_YOUR ASSIGNMENT_
Retype, word for word, the line holding "Mô phỏng dùng" and every line below it to the end of the listing. Leave out the pictures.

_RECORDED DATA_

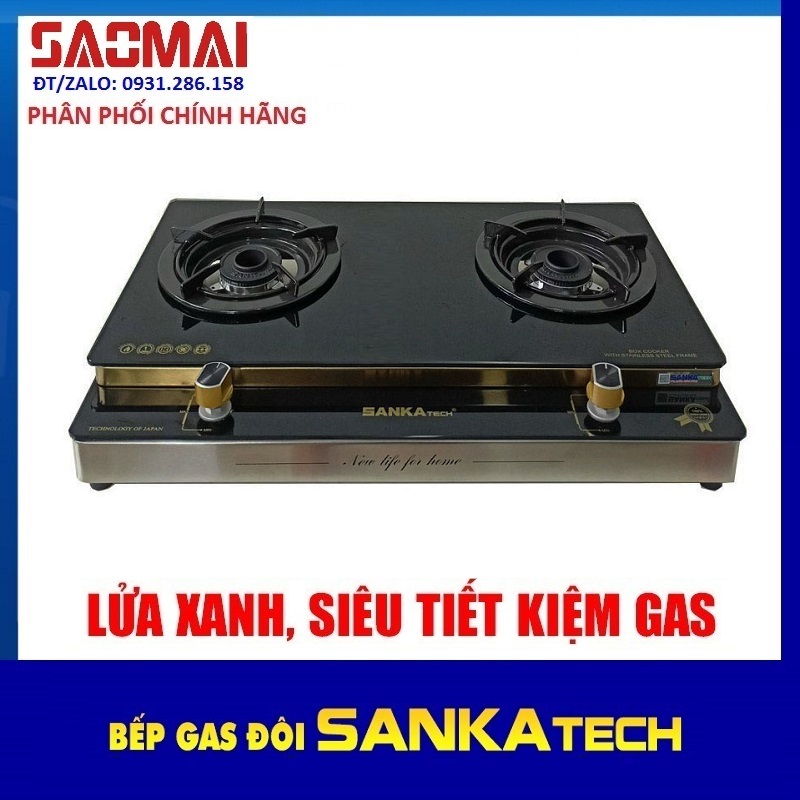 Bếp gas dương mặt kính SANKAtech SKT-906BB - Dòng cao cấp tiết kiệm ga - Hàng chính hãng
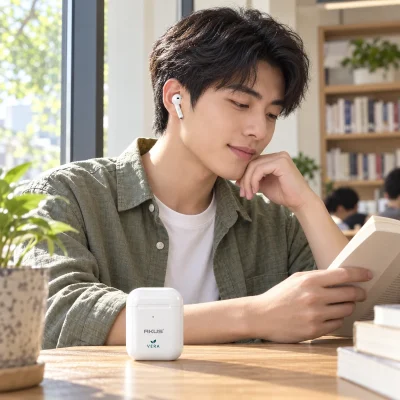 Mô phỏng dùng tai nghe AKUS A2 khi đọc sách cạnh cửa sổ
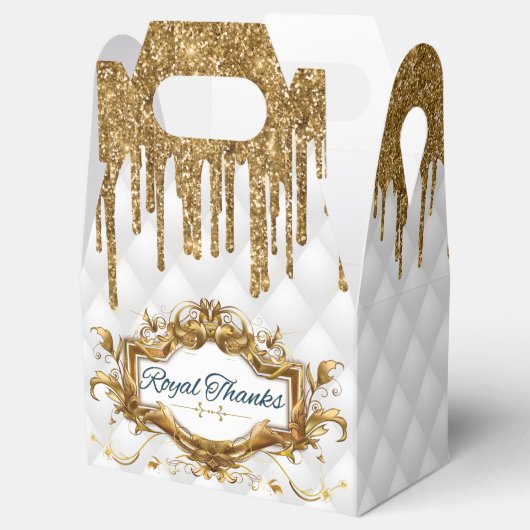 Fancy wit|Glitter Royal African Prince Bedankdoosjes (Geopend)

_PROBLEM SOLUTION_
 Mô phỏng dùng tai nghe AKUS A2 khi đọc sách cạnh cửa sổ
 Fancy wit|Glitter Royal African Prince Bedankdoosjes (Geopend)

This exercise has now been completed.